First, a mand is a verbal operant under the functional control of relevant conditions of deprivation or aversive stimulation and reinforced by characteristic consequences. These specific conditions of deprivation or aversive stimulation were later coined motivating operations (Laraway et al., 2003). Common examples of basic mands include requesting items (e.g., foods, toys, access to people), asking for help, rejecting offered items, and requesting escape from or avoidance of aversive stimuli (e.g., turning off loud sounds, removing bright lights, etc.). More advanced mand repertoires may include using prepositions, pronouns, and adjectives to describe items requested, and manding for information (i.e., asking “what?” “where?” “how?” “when?” and “why” questions) to gain access to reinforcement.
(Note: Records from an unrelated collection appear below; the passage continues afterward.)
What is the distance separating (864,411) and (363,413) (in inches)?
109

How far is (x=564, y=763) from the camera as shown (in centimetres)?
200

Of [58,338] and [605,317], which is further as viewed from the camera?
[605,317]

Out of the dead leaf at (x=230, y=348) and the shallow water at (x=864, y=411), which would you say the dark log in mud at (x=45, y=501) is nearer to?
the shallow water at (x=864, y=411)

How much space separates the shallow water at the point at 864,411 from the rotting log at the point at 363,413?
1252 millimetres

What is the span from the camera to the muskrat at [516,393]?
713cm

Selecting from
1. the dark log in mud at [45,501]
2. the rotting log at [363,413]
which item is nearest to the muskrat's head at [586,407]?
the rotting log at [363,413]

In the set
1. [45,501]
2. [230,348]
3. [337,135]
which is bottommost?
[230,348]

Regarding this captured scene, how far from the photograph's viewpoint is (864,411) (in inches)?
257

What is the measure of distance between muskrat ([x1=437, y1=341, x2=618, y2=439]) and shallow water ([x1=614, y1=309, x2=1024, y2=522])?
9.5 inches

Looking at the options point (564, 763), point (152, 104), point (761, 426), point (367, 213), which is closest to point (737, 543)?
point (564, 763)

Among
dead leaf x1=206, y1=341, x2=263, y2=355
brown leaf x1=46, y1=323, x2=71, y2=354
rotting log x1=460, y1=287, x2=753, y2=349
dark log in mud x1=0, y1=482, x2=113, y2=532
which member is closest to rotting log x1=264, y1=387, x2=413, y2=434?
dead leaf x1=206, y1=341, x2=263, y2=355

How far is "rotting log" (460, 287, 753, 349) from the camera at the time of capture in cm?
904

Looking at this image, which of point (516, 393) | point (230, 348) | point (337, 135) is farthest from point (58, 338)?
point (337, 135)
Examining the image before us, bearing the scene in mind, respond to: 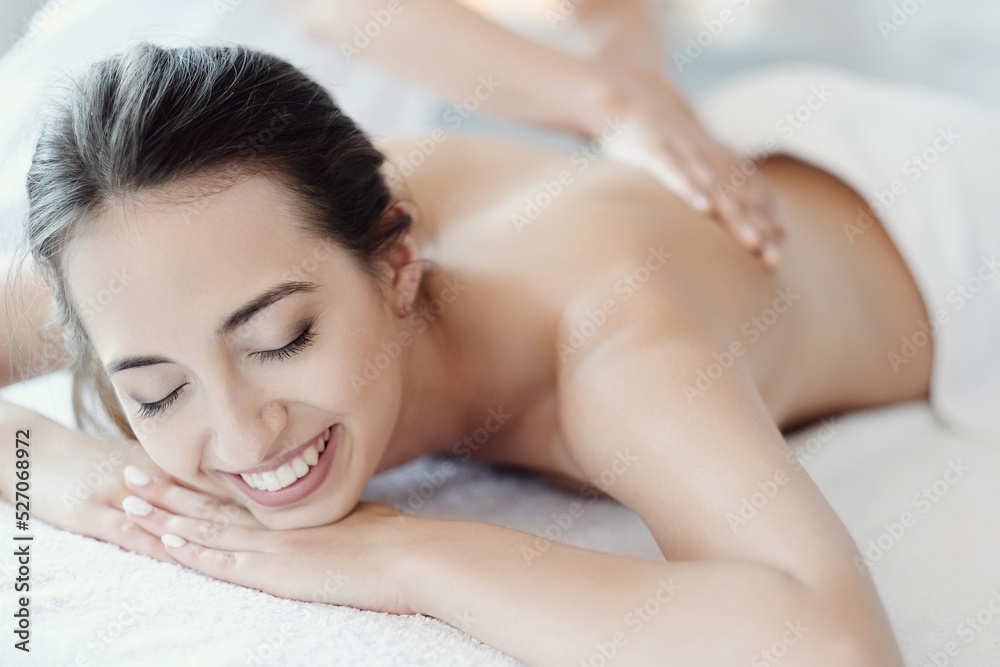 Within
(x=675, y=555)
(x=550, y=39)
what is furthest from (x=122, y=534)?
(x=550, y=39)

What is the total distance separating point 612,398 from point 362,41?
0.90 m

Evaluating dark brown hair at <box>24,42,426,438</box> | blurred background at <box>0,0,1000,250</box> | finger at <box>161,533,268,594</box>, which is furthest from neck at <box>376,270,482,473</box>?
blurred background at <box>0,0,1000,250</box>

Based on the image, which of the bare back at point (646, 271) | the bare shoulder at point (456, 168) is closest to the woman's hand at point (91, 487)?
the bare back at point (646, 271)

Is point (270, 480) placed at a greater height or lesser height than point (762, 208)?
lesser

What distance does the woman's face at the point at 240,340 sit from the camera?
0.86m

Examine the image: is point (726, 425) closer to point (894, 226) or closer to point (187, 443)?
point (187, 443)

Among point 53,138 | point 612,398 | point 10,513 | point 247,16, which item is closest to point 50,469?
point 10,513

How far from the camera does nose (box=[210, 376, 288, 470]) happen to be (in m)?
0.88

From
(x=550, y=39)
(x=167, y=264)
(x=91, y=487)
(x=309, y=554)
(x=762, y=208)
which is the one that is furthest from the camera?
(x=550, y=39)

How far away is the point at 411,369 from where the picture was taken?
1152 millimetres

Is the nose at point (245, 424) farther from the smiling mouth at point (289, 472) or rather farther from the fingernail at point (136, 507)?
the fingernail at point (136, 507)

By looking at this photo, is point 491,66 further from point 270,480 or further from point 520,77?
point 270,480

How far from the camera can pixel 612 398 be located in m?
0.95

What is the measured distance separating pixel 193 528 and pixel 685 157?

A tact is a response evoked by a particular nonverbal discriminative stimulus and maintained by generalized conditioned reinforcement (i.e., praise or acknowledgement). Common examples of tacts include labeling objects, events, and activities. Importantly, tacts include labels of stimuli related to all senses (e.g., “I smell cookies,” “I see the pool,” “I hear the birds,” “I feel the cool water”; although the descriptors need not be included in the tact itself). More advanced tacts can include labeling function, feature, and class of particular items; any use of descriptors for stimuli in the environment; and tacts for covert behavior such as feelings and emotions.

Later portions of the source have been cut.